Borel-Cantelli Lemma

Definition in words: For a sequence of events, if the sum of the individual probabilities of the events is finite, then the probability of the limit supremum of the sequence of events is zero, or in other words, the probability of a set of outcomes occuring infinitely often in the sequence is zero.

Definition using mathematical symbols: For a sequence of events \((E_n)_1^{\infty}\), if \(\sum_{n=1}^{\infty} P(E_n) < \infty\), then \(P(\limsup _{n\to \infty }E_n)=0\).

\[\\[0.1in]\]

Second Borel-Cantelli Lemma

Definition in words: For a sequence of independent events, if the sum of the individual probabilities of the events diverges, then the probability of the limit supremum of the sequence of events is one, or in other words, with probability one a set of outcomes occur infinitely often in the sequence.

Definition using mathematical symbols: For a sequence of independent events \((E_n)_1^{\infty}\), if \(\sum_{n=1}^{\infty} P(E_n) = \infty\), then \(P(\limsup _{n\to \infty }E_n)=1\).

\[\\[0.1in]\]

Slutsky’s theorem

Intuition: Slutsky’s theorem extends the results of some algebraic operations on real sequences to sequences of random variables.

Definition in words: If a sequence of random variables converges in distribution to a certain random variable and another sequence of random variables converges in probability to a certain constant, then
(i) the sum of the two sequences of random variables will converge in distribution to the sum of that certain random variable and that certain constant,
(ii) the product of the two sequences of random variables will converge in distribution to the product of that certain random variable and that certain constant,
(iii) the ratio of the first sequence of random variables to the second one will converge in distribution to the ratio of that certain random variable to that certain constant, provided the constant is non-zero.

Definition using mathematical symbols: If \(\{X_n\}\) and \(\{Y_n\}\) are two sequences of random variables such that \(X_n \overset{d}{\to} X\), a random variable and \(Y_n \overset{P}{\to} c\), a constant, then
(i) \(X_n + Y_n \overset{d}{\to} X + c\),
(ii) \(X_n Y_n \overset{d}{\to} cX\),
(iii) \(X_n / Y_n \overset{d}{\to} X / c\), \(c \neq 0\).

\[\\[0.1in]\]

Fatou’s Lemma

Intuition Fatou’s lemma, monotone convergence theorem and dominated convergence theorem–three main results in Lebesgue integration theory–tell when the two operations, limit and integration, may or may not commute.

Definition in words: For a sequence of non-negative measurable functions defined on a measure space with a Lebesgue measure, Fatou’s Lemma states that (with respect to the measure) the integral of the limit infimum of the functions is less than or equal to the limit infimum of the integral of the functions.

Definition using mathematical symbols: For a sequence of measurable functions, \(f_n\), defined on a measure space \((\Omega,\mathcal{F},\mu)\), \(\mu\) being a Lebesgue measure, such that \(f_n:\Omega \to [0,\infty]\), Fatou’s Lemma states that \[\int \liminf_{n\to\infty} \; f_n d\mu \leq \liminf_{n\to\infty} \int f_n d\mu. \]

Note: Fatou’s lemma can be quickly remembered through the following image where the first two plots show individual integrals of two functions (shaded) and the last plot shows the integral of the limit infimum of the two functions (shaded).
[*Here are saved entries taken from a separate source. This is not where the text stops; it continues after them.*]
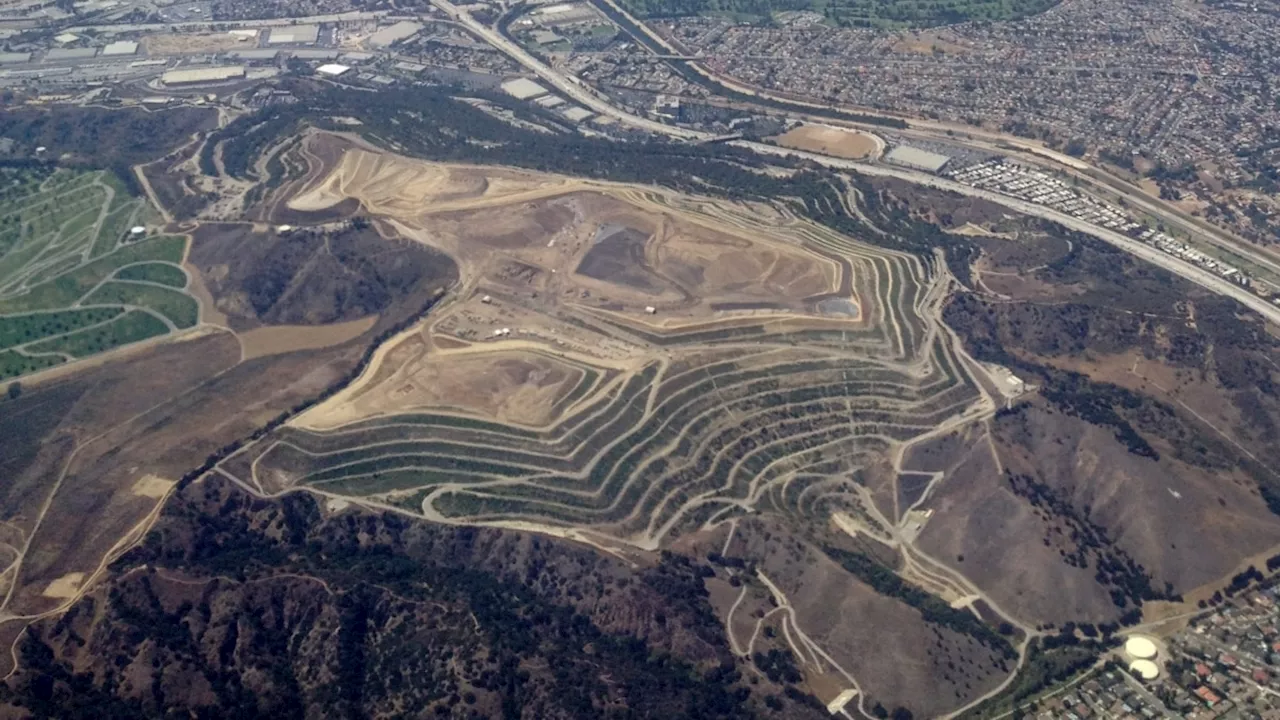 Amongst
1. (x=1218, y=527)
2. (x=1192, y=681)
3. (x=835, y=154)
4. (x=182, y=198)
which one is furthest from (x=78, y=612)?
(x=835, y=154)

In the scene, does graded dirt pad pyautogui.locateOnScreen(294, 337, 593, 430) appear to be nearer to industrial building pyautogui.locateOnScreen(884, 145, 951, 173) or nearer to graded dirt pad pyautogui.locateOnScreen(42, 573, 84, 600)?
graded dirt pad pyautogui.locateOnScreen(42, 573, 84, 600)

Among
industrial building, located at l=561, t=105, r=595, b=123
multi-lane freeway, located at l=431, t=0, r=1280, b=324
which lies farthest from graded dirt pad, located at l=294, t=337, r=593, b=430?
industrial building, located at l=561, t=105, r=595, b=123

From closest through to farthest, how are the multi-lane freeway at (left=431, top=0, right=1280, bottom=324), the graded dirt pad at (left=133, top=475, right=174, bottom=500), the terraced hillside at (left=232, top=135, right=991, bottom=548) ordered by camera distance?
the graded dirt pad at (left=133, top=475, right=174, bottom=500) < the terraced hillside at (left=232, top=135, right=991, bottom=548) < the multi-lane freeway at (left=431, top=0, right=1280, bottom=324)

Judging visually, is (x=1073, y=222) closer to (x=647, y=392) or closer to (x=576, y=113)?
(x=647, y=392)

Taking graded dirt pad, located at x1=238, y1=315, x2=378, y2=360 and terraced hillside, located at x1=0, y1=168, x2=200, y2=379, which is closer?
graded dirt pad, located at x1=238, y1=315, x2=378, y2=360

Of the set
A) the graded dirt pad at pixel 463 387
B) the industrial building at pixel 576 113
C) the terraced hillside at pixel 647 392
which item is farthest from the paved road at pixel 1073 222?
the graded dirt pad at pixel 463 387

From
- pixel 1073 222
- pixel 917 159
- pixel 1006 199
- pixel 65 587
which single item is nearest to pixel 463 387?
pixel 65 587

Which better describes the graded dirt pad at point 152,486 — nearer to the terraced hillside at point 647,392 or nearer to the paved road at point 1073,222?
the terraced hillside at point 647,392

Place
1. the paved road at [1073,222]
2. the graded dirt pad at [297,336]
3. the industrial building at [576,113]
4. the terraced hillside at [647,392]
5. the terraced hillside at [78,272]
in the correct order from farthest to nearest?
the industrial building at [576,113] → the paved road at [1073,222] → the terraced hillside at [78,272] → the graded dirt pad at [297,336] → the terraced hillside at [647,392] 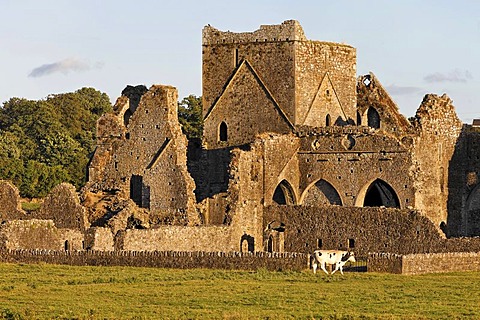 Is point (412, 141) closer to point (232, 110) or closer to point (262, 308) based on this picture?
point (232, 110)

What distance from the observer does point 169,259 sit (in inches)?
1897

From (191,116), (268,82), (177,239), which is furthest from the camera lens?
(191,116)

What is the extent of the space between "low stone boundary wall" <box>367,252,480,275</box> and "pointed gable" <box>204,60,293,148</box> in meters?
17.3

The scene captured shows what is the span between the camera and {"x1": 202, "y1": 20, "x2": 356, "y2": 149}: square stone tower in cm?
6544

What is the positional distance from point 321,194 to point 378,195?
2318 millimetres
Even the smaller of the first two integrals is larger than the last one.

Fatou’s lemma demonstration
Fatou’s lemma demonstration

Note: The functions are taken as non-negative so that the integrals exist, else there might be cases where integral becomes like \(\infty-\infty\) which is not well-defined.

\[\\[0.1in]\]

Monotone convergence theorem

Definition in words: For a sequence of non-negative and non-decreasing measurable functions defined on a measure space with a Lebesgue measure, the monotone convergence theorem states that (with respect to the measure) the limit of the individual integrals of the functions is equal to the integral of the (pointwise) limit of the functions where the latter limit exists because of non-negativity and monotonicity and is equal to some real number or infinity.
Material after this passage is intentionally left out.